Annexe à la Résolution CM/ResDH(2009)108
Informations sur les mesures prises afin de se conformer à l’arrêt dans l’affaire
Kızılyaprak contre Turquie
Résumé introductif de l’affaire
L’affaire concerne l’iniquité d’une procédure pénale devant une cour de sûreté de l’Etat dans la mesure où le requérant n’a jamais été convoqué devant cette cour qui l’a condamné.
En juillet 2000, une procédure pénale a été intentée à l’encontre du requérant pour avoir fait de la propagande séparatiste dans quelques articles publiés dans un journal dont il assurait également l’éditorial. Cette procédure devant la 2e cour de sûreté de l’Etat d’Istanbul a été jointe en novembre 2000, à une autre procédure à l’encontre du propriétaire du journal en question devant la 3e cour de sûreté de l’Etat. Au terme de l’unique audience tenue devant la 3e cour de sûreté à la suite de la jonction, le requérant a été condamné à une peine d’emprisonnement sans qu’il soit assigné à comparaitre à cette audience. La Cour européenne a considéré qu’un pareil défaut de comparution du requérant ne pouvait passer pour justifié dans les circonstances de l’affaire et qu’il avait ainsi compromis le caractère équitable du procès (violation de l’article 6§1).

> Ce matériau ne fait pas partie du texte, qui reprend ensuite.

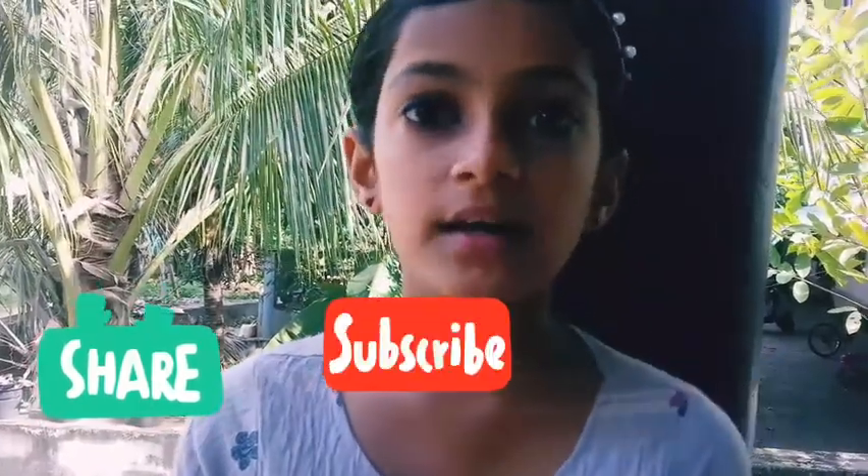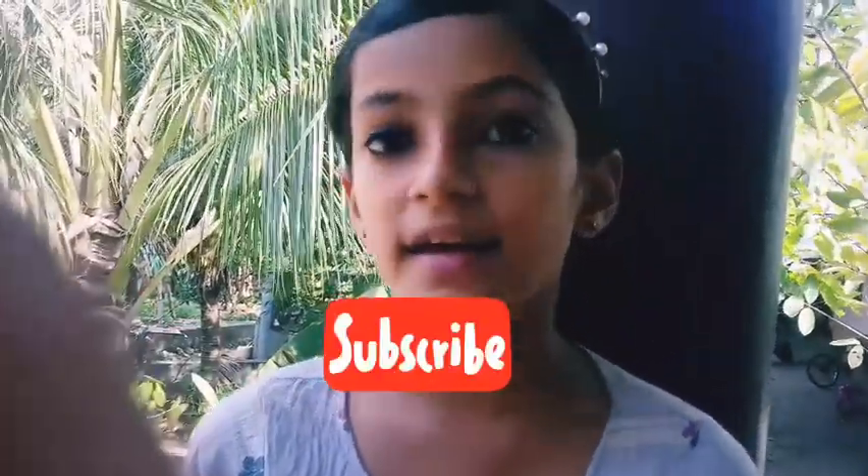If you like this video, please like, share, and subscribe to the channel. Please like this video and subscribe to the channel. See you in the next video. Bye!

I.Paiement de la satisfaction équitable et mesures individuelles
a) Détails de la satisfaction équitable
Dommage matériel
Dommage moral
Frais & dépens
Total
-
2 000 EUR
-
2 000 EUR
Payé le 3/09/2008
b) Mesures individuelles
La peine privative de liberté prononcée par la cour de sûreté n’a jamais été exécutée, le requérant étant en fuite. Le 7 octobre 2003, la cour de sûreté de l’État a acquitté le requérant et a décidé de la levée de l’exécution de la condamnation et de toutes les conséquences légales de celle-ci. À la suite de cette décision, le casier judiciaire du requérant a été apuré.
II.Mesures générales
Selon l’article 193 du nouveau code de procédure pénale, entré en vigueur le 17/12/2004, outre les cas qui sont explicitement prévus par la loi, un tribunal ne saurait tenir d’audience en l’absence de l’accusé. Si l’accusé s’abstient de se présenter à l’audience sans raison valable, le tribunal peut convoquer l’accusé par voie de citation directe. En vertu du second paragraphe de cet article (modification du 25/05/2005), un tribunal ne peut mettre fin à la procédure pénale, en l’absence de l’accusé, que si son arrêt rendu au terme de cette procédure ne concerne pas une condamnation.
Par ailleurs, le 07/05/2004, le Parlement a approuvé un amendement constitutionnel abolissant les cours de sûreté de l’Etat (Voir résolution DH(99)555).
III.Conclusions de l’Etat défendeur
Le gouvernement estime que les mesures prises vont prévenir de nouvelles violations semblables et que la Turquie a par conséquent rempli ses obligations en vertu de l’article 46, paragraphe 1, de la Convention.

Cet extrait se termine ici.